What you are asked to do >>
Search the material below for the string "with" and extract each line that has it.

Source information >>
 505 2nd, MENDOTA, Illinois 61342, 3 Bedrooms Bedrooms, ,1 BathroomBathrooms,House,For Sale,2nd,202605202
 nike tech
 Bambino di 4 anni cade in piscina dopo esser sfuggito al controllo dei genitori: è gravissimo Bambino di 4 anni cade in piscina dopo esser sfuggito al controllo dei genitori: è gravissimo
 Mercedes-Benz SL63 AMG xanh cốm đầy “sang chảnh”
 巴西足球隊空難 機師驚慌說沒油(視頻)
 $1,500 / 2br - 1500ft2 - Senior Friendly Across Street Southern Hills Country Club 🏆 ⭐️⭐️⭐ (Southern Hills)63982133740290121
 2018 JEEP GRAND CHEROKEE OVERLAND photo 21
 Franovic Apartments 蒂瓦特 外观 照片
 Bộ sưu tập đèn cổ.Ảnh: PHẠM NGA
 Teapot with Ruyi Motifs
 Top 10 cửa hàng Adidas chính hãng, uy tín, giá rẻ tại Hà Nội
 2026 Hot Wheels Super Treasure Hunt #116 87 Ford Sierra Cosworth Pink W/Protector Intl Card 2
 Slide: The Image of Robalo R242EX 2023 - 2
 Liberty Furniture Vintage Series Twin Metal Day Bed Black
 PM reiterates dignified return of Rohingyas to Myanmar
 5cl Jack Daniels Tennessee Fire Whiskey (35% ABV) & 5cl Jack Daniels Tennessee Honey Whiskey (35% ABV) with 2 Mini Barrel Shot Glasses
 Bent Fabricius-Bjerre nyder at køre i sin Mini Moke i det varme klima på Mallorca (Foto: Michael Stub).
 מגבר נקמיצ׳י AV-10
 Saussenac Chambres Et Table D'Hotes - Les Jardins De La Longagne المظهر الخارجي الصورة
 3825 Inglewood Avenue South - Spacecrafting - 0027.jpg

Completed task >>
 Teapot with Ruyi Motifs
 5cl Jack Daniels Tennessee Fire Whiskey (35% ABV) & 5cl Jack Daniels Tennessee Honey Whiskey (35% ABV) with 2 Mini Barrel Shot Glasses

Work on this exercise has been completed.